Electrostatics can deliver remarkably accurate sound in the midrange and upper frequencies along with a highly detailed, transparent soundstage - in other words, the kind of sonic magic that can get even seasoned audiophiles gushing like schoolgirls. However, they're inherently costly to manufacture, and their need to be plugged into a wall outlet can make them awkward to place. With the compact floor-standing Montage ($1,500 a pair), MartinLogan is attempting to deliver some of the best qualities of its high-end speakers at a fraction of the price.

Instead of a large electrostatic panel, the Montage uses an Advanced Thin-Film (ATF) transducer that's only 3 3/8 square inches to reproduce the highs. The ATF tweeter sandwiches an ultra-thin diaphragm between two arrays of powerful neodymium magnets, so no AC power is required. This dipole tweeter is mated with a pair of aluminum-cone drivers that serve as midrange and woofer.

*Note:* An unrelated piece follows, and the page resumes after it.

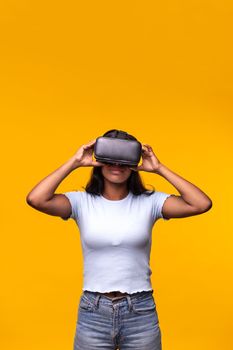 Young Indian woman wearing VR headset on yellow background. Vertical portrait of Asian female wearing virtual reality goggles. Technology.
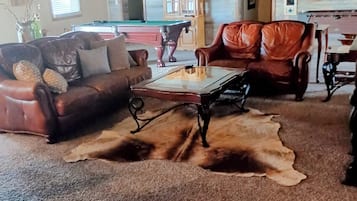 Smart TV, fireplace, foosball, books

To create a complete 5.1-channel surround sound system, we combined Montages for the front left/right channels with three of MartinLogan's Vignette speakers for the center and surround channels, plus the company's new Dynamo subwoofer. The Vignette uses the same dipolar ATF tweeter as the Montage, plus a smaller pair of shielded aluminum cones. Its solidly built, ported cabinet has a flat bottom and an arched top to facilitate horizontal placement, but it can also be mounted vertically using optional stands (see photo) or a wall mount. Supplied brackets allow it to be mounted flat against a wall or ceiling while still allowing it to be pivoted up to 90° to achieve the best mix of direct and reflected sound - critical for proper imaging.

The Dynamo is a compact, 200-watt subwoofer with a 10-inch, high-excursion aluminum driver. Its removable base lets it be used in either a down- or front-firing configuration, and it's equipped with both level and crossover controls (30 to 80 Hz) and a 0/90/180° polarity switch.

SETUP I installed the system with the Montages about 2 1/2 feet from the front wall and about 2 feet from the side walls, toed in slightly toward the primary listening area. As with any dipole speaker, you will need to play around a bit - or maybe a lot - to determine the best location. One Vignette sat atop my TV, while the two surround speakers were mounted vertically on MartinLogan stands. I put the Dynamo in the front right corner of the room.